Ensaio • Home• Revista 8/1/2008
Mônica Veloso
"Eu nasci de novo"
Após um ano turbulento, a mulher que abalou a república só pensa em retomar sua rotina, cuidar das filhas e arrumar um namorado

TEXTO CLÁUDIA FONTOURA E GABRIELA PESTANA
FOTOS EDU LOPES


O turbilhão passou. Agora está tudo escrito. Mônica Veloso, a mulher que abalou Brasília, está de cabeça erguida e alma lavada. Sua versão dos fatos está impressa num livro de 192 páginas e não foi contestada. "Tudo o que é meu ficou exposto. Do interno ao externo. Ainda sinto um pouco de medo, mas estou aliviada", diz a jornalista mineira de 39 anos.

O escândalo que devassou sua vida começou no dia 25 de maio após a audiência de revisão da pensão alimentícia de sua filha com o ex-presidente do Senado, Renan Calheiros, que era bancada por um lobista. A jornalista virou notícia e viu repórteres se aglomerarem à sua porta. Para evitar a exposição das filhas, ela se mudou, em apenas dois dias, de Brasília para Belo Horizonte, deixando para trás trabalho, amigos e carreira.

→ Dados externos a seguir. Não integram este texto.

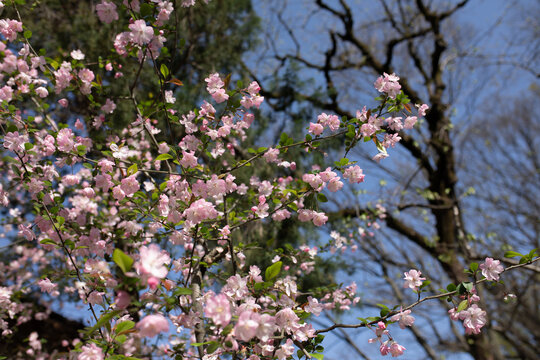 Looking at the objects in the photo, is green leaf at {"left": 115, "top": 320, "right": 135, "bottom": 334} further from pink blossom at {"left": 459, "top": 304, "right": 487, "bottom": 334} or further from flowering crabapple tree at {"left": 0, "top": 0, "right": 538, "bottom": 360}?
pink blossom at {"left": 459, "top": 304, "right": 487, "bottom": 334}

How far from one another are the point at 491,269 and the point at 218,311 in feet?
3.60

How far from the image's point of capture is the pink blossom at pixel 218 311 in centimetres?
98

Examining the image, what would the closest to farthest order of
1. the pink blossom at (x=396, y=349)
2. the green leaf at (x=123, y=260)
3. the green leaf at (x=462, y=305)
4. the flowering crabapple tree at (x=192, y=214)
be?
1. the green leaf at (x=123, y=260)
2. the flowering crabapple tree at (x=192, y=214)
3. the green leaf at (x=462, y=305)
4. the pink blossom at (x=396, y=349)

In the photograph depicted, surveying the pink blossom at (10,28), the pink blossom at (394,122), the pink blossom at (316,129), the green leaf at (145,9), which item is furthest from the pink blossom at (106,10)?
the pink blossom at (394,122)

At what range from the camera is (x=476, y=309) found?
1328mm

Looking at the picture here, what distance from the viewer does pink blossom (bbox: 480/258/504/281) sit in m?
1.35

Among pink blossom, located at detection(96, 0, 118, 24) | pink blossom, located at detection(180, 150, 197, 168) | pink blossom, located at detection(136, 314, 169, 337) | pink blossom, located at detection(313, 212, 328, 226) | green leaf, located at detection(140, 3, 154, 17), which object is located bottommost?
pink blossom, located at detection(136, 314, 169, 337)

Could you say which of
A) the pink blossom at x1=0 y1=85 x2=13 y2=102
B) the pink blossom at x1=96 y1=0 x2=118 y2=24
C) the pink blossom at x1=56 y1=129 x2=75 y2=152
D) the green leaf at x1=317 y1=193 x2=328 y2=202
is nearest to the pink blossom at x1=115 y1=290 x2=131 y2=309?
the green leaf at x1=317 y1=193 x2=328 y2=202

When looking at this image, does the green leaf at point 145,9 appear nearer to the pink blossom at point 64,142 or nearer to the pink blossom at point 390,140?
the pink blossom at point 64,142

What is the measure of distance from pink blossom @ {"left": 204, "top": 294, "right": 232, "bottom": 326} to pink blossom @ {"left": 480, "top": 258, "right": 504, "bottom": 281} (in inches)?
41.2

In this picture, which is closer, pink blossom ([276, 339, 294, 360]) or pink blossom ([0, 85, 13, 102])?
pink blossom ([276, 339, 294, 360])

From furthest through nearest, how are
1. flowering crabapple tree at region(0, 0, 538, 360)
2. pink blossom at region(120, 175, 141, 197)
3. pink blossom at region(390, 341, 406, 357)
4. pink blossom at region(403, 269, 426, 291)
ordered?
pink blossom at region(120, 175, 141, 197)
pink blossom at region(403, 269, 426, 291)
pink blossom at region(390, 341, 406, 357)
flowering crabapple tree at region(0, 0, 538, 360)

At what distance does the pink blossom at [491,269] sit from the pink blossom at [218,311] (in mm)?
1046

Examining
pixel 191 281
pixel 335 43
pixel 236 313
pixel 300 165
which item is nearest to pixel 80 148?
pixel 191 281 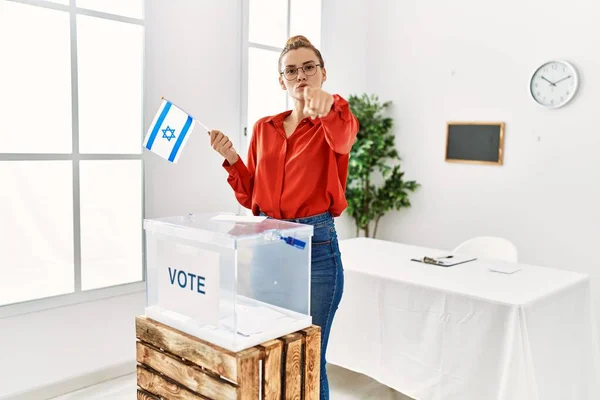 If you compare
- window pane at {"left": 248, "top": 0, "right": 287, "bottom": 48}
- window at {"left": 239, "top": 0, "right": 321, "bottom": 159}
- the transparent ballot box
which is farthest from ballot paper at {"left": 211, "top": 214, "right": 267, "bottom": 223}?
window pane at {"left": 248, "top": 0, "right": 287, "bottom": 48}

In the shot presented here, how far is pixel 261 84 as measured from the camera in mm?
3896

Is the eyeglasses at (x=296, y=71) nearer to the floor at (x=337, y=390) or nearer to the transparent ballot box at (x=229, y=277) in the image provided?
the transparent ballot box at (x=229, y=277)

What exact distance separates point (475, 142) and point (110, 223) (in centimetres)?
272

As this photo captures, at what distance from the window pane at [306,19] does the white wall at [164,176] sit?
0.71 m

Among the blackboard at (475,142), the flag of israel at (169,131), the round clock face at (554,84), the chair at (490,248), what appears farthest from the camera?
the blackboard at (475,142)

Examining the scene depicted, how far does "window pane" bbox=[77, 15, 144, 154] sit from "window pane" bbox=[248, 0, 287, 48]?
3.16ft

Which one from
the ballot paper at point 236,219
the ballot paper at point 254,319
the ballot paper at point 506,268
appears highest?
the ballot paper at point 236,219

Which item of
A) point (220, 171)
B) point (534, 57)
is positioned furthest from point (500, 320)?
point (534, 57)

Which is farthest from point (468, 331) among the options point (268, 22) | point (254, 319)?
point (268, 22)

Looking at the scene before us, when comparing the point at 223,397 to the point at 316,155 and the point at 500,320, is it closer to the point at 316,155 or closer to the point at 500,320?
the point at 316,155

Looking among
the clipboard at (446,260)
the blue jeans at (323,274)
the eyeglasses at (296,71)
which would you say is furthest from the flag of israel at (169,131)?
the clipboard at (446,260)

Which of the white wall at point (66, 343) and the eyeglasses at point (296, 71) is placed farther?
the white wall at point (66, 343)

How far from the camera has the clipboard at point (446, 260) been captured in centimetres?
274

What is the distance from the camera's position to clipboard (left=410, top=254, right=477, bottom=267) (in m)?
2.74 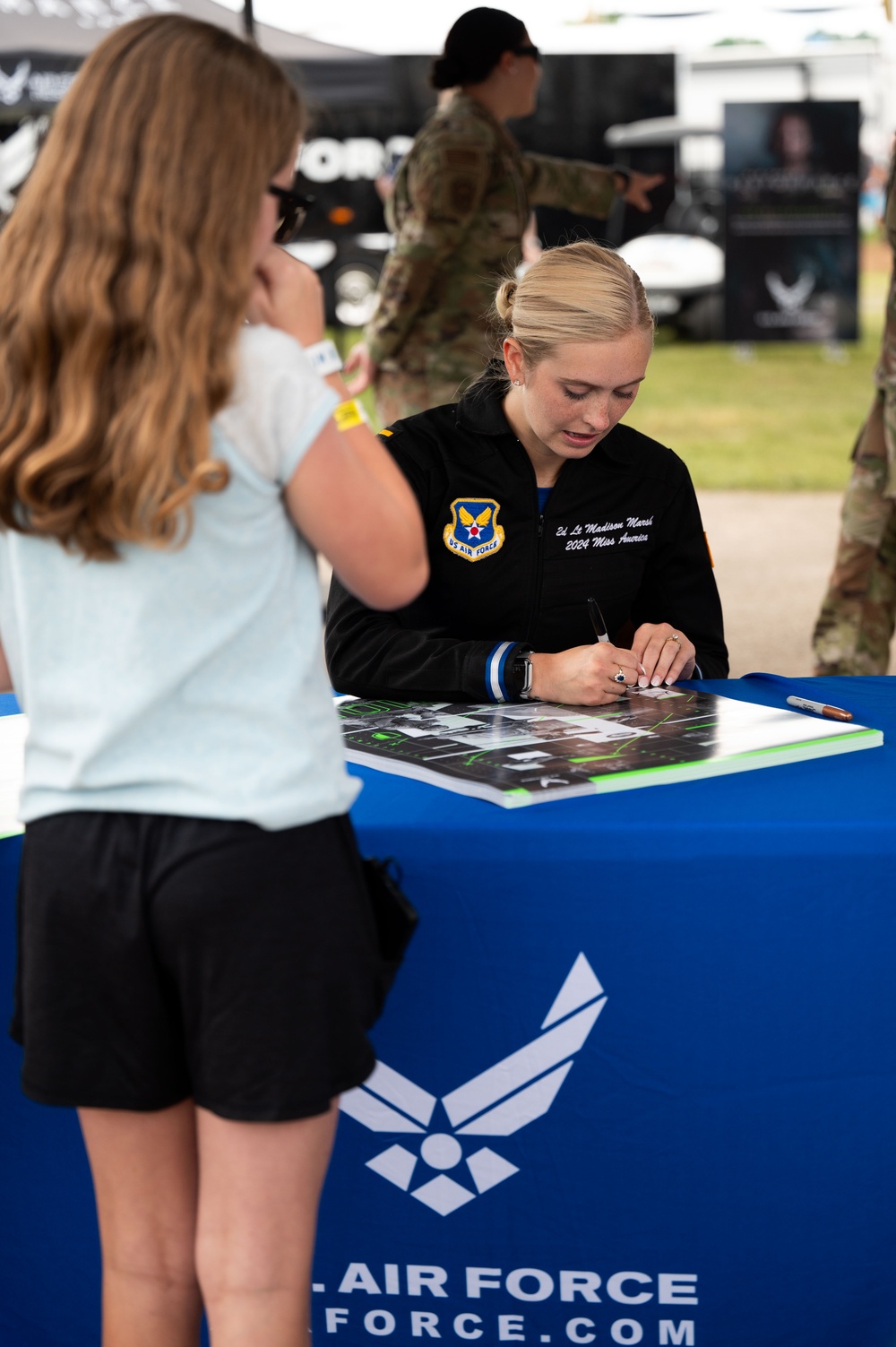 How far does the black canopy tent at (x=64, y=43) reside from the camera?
4.55 metres

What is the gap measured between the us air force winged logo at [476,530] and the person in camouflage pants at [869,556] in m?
1.61

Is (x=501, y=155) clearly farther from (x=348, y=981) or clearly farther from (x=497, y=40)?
(x=348, y=981)

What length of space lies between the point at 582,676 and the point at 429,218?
7.32ft

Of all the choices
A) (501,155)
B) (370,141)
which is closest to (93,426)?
(501,155)

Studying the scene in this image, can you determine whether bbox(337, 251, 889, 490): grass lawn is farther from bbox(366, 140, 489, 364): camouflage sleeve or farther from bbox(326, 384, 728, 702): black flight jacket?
bbox(326, 384, 728, 702): black flight jacket

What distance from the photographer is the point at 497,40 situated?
3.55m

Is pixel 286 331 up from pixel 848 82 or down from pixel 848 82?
down

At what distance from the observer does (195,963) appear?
→ 102 centimetres

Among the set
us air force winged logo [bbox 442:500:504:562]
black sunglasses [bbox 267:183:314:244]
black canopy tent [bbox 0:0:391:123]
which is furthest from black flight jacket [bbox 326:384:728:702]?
black canopy tent [bbox 0:0:391:123]

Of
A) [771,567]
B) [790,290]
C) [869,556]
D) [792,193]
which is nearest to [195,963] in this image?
[869,556]

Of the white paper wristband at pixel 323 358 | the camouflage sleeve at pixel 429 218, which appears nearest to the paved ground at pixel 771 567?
the camouflage sleeve at pixel 429 218

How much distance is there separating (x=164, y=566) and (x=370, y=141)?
6.85 metres

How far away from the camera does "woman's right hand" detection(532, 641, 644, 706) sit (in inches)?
65.2

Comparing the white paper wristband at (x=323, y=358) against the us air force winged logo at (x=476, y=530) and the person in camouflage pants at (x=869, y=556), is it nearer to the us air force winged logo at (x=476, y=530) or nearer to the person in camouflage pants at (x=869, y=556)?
A: the us air force winged logo at (x=476, y=530) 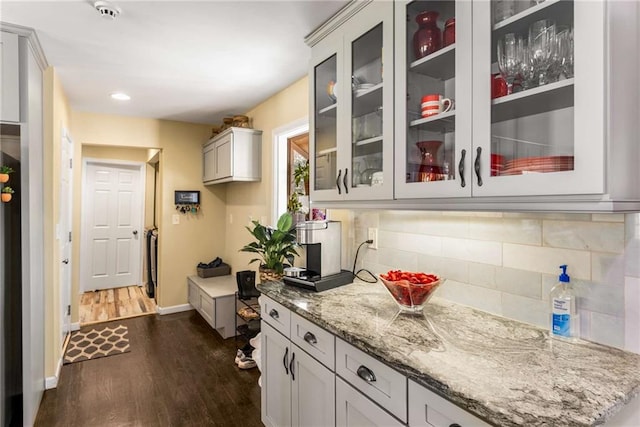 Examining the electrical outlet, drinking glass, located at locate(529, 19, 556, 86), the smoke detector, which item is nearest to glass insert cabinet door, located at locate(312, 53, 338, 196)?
the electrical outlet

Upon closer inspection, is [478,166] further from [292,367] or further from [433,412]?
[292,367]

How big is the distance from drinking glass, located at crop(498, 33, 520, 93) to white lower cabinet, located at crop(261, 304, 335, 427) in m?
1.31

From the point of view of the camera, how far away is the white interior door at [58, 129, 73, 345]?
3.20 meters

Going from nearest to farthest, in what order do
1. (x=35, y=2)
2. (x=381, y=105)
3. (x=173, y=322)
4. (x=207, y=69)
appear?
(x=381, y=105) < (x=35, y=2) < (x=207, y=69) < (x=173, y=322)

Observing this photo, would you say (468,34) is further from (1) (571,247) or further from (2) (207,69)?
(2) (207,69)

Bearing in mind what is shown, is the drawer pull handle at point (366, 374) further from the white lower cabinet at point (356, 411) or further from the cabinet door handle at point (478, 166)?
the cabinet door handle at point (478, 166)

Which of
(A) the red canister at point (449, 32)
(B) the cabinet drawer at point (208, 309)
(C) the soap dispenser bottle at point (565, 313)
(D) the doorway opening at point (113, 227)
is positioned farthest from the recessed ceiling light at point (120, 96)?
(C) the soap dispenser bottle at point (565, 313)

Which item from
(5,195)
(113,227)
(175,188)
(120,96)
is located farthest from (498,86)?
(113,227)

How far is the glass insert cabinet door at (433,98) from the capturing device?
4.09 ft

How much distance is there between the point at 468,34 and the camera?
1.23 metres

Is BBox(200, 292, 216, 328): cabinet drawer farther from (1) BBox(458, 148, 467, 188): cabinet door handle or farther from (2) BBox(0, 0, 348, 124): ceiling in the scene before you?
(1) BBox(458, 148, 467, 188): cabinet door handle

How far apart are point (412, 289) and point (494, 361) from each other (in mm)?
441

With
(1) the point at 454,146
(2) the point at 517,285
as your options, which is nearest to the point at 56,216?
(1) the point at 454,146

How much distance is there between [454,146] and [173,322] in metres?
3.91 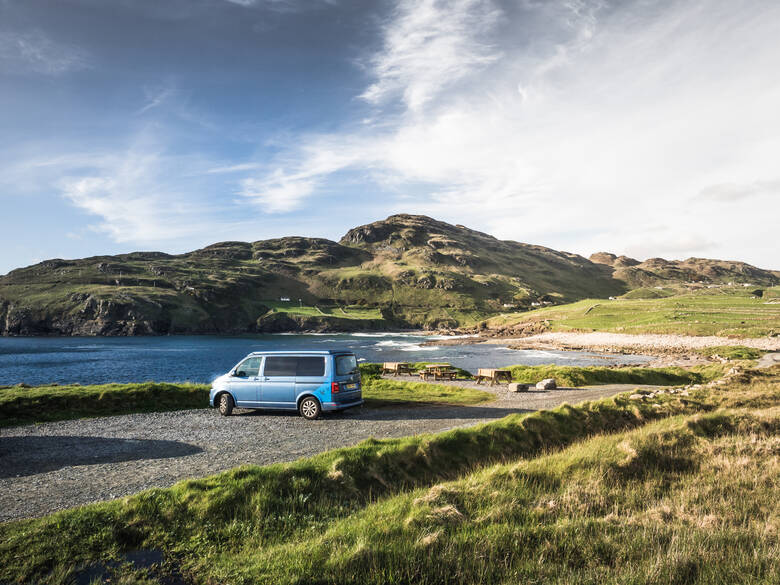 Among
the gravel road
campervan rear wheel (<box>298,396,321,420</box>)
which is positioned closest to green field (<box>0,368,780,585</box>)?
the gravel road

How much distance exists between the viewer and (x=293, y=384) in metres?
18.9

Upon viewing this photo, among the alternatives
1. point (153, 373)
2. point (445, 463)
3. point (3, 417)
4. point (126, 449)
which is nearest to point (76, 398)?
point (3, 417)

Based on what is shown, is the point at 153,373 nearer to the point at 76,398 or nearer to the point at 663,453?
the point at 76,398

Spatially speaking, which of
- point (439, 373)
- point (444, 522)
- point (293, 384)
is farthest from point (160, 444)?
A: point (439, 373)

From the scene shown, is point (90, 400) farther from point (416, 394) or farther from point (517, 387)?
point (517, 387)

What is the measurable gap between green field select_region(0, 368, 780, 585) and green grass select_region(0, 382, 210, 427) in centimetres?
1465

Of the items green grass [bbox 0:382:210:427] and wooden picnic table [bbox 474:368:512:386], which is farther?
wooden picnic table [bbox 474:368:512:386]

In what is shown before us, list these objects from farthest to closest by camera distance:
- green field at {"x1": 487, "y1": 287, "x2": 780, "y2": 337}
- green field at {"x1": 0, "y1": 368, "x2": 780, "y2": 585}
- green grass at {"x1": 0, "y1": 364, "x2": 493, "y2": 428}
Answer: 1. green field at {"x1": 487, "y1": 287, "x2": 780, "y2": 337}
2. green grass at {"x1": 0, "y1": 364, "x2": 493, "y2": 428}
3. green field at {"x1": 0, "y1": 368, "x2": 780, "y2": 585}

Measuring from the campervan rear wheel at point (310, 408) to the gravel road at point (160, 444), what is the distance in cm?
53

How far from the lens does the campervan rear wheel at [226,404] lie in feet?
64.2

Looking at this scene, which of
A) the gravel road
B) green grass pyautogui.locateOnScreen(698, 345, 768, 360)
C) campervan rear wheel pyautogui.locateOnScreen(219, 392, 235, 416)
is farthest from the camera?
green grass pyautogui.locateOnScreen(698, 345, 768, 360)

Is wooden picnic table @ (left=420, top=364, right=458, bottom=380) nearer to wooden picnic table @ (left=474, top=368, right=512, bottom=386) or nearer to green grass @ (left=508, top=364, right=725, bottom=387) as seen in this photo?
wooden picnic table @ (left=474, top=368, right=512, bottom=386)

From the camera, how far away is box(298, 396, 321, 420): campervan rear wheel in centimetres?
1848

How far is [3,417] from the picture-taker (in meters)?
17.6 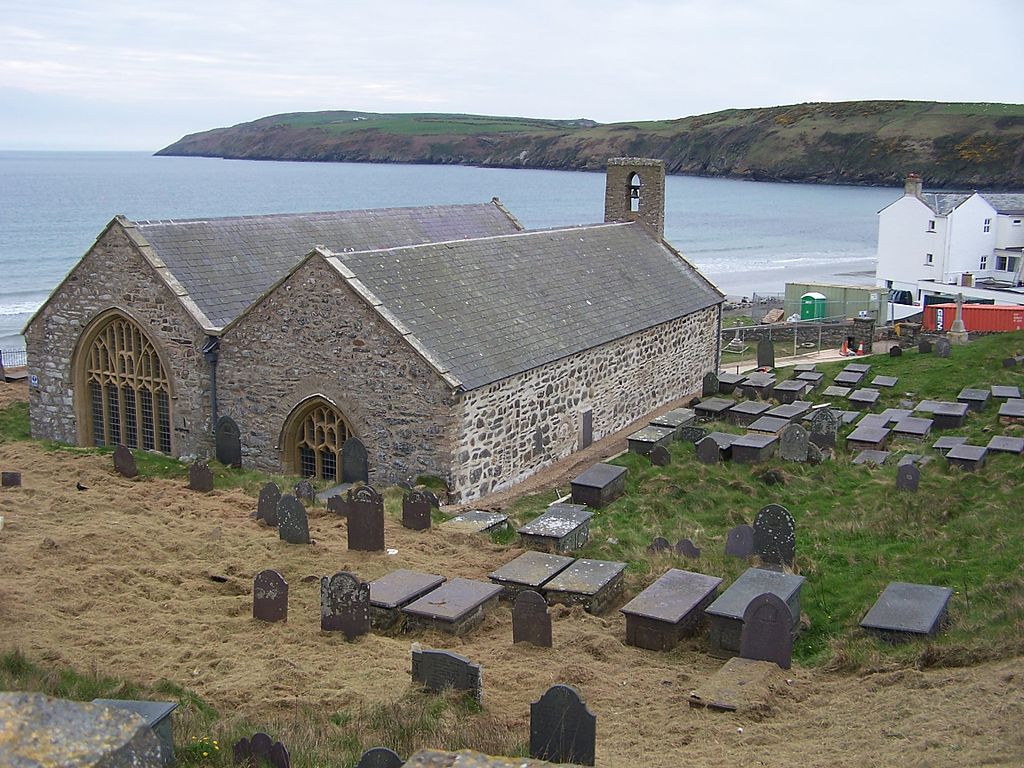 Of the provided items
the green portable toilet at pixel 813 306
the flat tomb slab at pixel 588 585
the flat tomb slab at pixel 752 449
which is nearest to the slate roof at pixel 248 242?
the flat tomb slab at pixel 752 449

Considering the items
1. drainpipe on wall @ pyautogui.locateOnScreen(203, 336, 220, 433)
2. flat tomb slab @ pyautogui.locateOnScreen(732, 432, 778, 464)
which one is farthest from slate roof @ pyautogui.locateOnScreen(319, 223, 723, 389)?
flat tomb slab @ pyautogui.locateOnScreen(732, 432, 778, 464)

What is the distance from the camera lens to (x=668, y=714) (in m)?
10.3

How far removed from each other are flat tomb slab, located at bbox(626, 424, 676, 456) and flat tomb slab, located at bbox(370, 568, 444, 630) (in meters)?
9.91

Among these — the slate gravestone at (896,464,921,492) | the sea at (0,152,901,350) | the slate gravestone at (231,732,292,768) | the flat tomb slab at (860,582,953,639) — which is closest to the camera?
the slate gravestone at (231,732,292,768)

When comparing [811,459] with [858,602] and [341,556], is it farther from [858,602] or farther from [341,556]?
[341,556]

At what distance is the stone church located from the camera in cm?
2036

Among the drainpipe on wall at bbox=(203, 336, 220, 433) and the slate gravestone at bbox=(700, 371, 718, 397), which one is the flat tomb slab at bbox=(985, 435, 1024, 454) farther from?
the drainpipe on wall at bbox=(203, 336, 220, 433)

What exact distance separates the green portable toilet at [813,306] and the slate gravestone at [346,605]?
3848 cm

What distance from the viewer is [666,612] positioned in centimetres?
1255

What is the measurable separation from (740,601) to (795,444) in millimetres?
10359

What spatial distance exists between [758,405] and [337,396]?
11838 millimetres

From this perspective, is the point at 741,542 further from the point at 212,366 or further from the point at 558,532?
the point at 212,366

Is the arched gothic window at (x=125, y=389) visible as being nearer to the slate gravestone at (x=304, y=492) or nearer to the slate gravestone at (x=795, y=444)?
the slate gravestone at (x=304, y=492)

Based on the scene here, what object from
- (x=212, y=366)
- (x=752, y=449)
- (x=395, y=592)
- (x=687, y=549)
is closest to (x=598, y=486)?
(x=687, y=549) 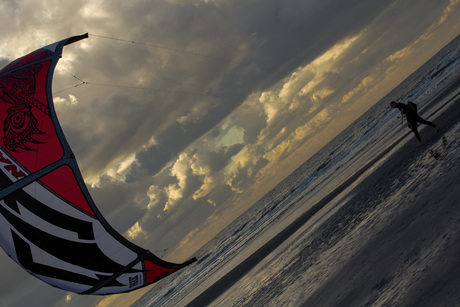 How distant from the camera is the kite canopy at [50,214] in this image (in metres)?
8.59

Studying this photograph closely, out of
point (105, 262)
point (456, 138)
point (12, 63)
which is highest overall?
point (12, 63)

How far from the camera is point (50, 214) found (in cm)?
881

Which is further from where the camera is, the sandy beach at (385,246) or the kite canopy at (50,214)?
the kite canopy at (50,214)

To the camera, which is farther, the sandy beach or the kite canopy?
the kite canopy

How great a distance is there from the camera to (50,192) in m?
8.89

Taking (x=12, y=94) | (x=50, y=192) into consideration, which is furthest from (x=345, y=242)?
(x=12, y=94)

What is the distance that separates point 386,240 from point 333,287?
61.5 inches

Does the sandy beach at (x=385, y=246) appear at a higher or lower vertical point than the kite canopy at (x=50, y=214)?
lower

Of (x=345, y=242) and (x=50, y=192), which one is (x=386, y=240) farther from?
(x=50, y=192)

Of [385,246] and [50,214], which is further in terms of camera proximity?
[50,214]

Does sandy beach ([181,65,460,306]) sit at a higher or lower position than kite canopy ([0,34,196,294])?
lower

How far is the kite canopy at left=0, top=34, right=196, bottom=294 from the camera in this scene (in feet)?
28.2

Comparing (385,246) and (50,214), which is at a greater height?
(50,214)

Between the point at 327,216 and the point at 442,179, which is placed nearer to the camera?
the point at 442,179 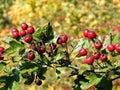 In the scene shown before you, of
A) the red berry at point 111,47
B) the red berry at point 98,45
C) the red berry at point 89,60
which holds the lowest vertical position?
the red berry at point 89,60

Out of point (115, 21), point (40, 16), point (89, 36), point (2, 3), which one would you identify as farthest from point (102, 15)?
point (89, 36)

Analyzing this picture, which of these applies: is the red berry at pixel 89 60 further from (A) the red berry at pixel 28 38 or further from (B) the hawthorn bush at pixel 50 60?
(A) the red berry at pixel 28 38

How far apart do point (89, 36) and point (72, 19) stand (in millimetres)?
6011

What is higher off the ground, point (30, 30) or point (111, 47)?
point (30, 30)

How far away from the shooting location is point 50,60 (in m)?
2.22

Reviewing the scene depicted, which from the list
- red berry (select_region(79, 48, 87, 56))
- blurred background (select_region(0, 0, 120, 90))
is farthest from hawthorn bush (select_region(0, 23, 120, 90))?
blurred background (select_region(0, 0, 120, 90))

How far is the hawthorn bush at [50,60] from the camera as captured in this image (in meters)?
2.13

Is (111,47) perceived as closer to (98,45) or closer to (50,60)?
(98,45)

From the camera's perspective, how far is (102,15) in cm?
816

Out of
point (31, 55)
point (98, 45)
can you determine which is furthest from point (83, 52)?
point (31, 55)

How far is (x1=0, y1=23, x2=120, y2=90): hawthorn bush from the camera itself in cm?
213

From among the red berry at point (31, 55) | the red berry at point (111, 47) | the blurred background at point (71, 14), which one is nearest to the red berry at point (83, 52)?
the red berry at point (111, 47)

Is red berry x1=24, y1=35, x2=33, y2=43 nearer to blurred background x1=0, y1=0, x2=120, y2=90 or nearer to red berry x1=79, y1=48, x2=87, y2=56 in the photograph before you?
red berry x1=79, y1=48, x2=87, y2=56

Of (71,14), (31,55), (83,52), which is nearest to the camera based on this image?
(31,55)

Foram sete meses no olho do furacão. Nesse período, ela deu entrevistas, posou nua e escreveu um livro para dar sua versão dos fatos. Agora, Mônica Veloso quer retomar sua vida, cuidar das filhas e arrumar um namorado para espantar a solidão.

''Tudo o que é meu ficou exposto. Do interno ao externo.
Ainda sinto um pouco de medo, mas estou aliviada ''

Quando nos vimos pela primeira vez, no GP Brasil de Fórmula 1, em outubro, você parecia uma mulher completamente diferente. Estava tensa, assustava, falava pouco, sorria pouco.O que mudou?
Os repórteres me assustavam mais. Era difícil contar mil vezes a mesma história e tentar convencer as pessoas sobre aquilo. Falei coisas que nunca havia falado. As pessoas me perguntavam: Poxa, que amor é esse que te fez esconder a barriga (gravidez)? O livro resolveu tudo.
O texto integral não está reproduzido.